The story begins with two strange chickens (male and female chickens?) I think one should have been a rooster. The fellow played the ukulele and the gal a guitar. The play as you can tell by the title took place in the back of a truck. The sound effects of the truck starting up and the sliding effects of closing and opening the truck’s steel door were well done.

The chickens wondered why they were in the truck and where they were going. Well I guess we all know where chickens go when they die and it isn’t straight to heaven but to wind up as chicken soup on someone’s table first. Soon, we found out that the two strange chickens who have been playing and singing all this time are not chickens but infiltrators taking them to slaughter. Now all hell breaks lose.

I was moved by the performers by their determination and how uniquely they presented themselves. The encouragement for those with physical and mental challenges at Theatre Terrific impressed me.

As time went on the stage scene shifted over to a restaurant that served chicken dinners. There we find 3 chefs putting dinner on and a single customer was chosen from the audience, led to a table and served ….you guess?
It was fun, very different and to the entire production I’d like to say, “Good Job!”

© 2011 Karen Fitzgibbon

Grim and Fischer

Performance Dates 9, 10,11,14,16 & 18 September at Performance Works

Performers Kate Braidwood and Andrew Phoenix

Reviewer Sharon Cairney

As the play opened, the simple stage was bathed in blue lights and the room was filled with the transcendent music of a powerful choir.
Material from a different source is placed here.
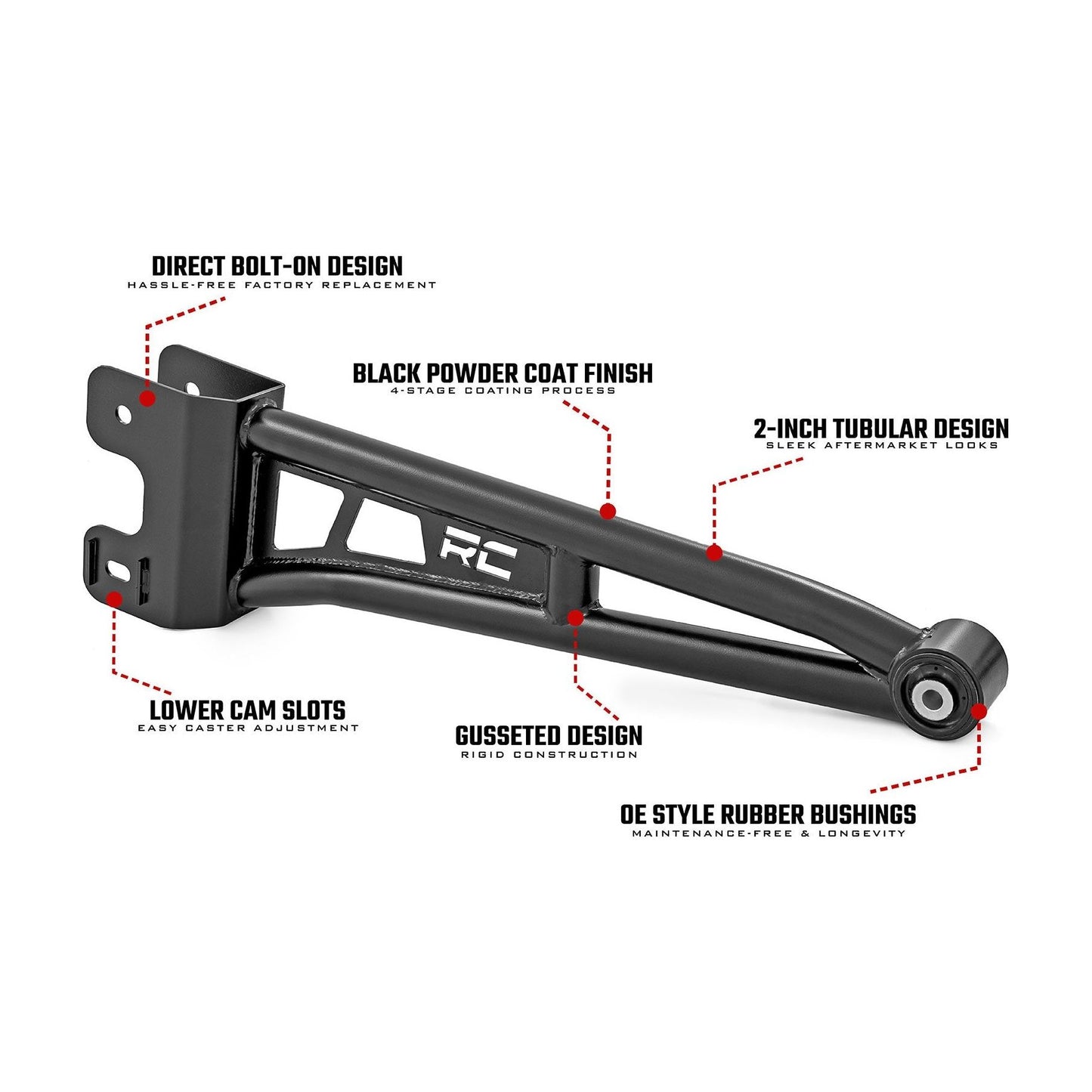 Rough Country Radius Arm Upgrade I 43701A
Fischer emerged from the bathroom, a little old lady wearing sensible walking shoes and sagging in her high-belted dress. Her mask was molded in a charming expression of humorous mischief, while the mask of Grim, was smooth and fittingly neutral as Death.

Without any spoken dialogue, a vast repertoire of body language all helped the story to unfold. The soundtrack of music, along with the sounds of rain and a music box, added another important layer to what we were witnessing. In a touching moment when Fischer caressed the man’s jacket hanging on the clothing rack in her room, it was obvious how much she missed the person who used to be there with her. There were a lot of humorous moments, small and real, as Fischer put up a fight against Death, at one point sparring with him to the tune of Stayin’ Alive. At the end of the play, it seemed only fitting that Kate Braidwood, the mask creator, should emerge from behind the aged face of Fischer in this wonderful performance.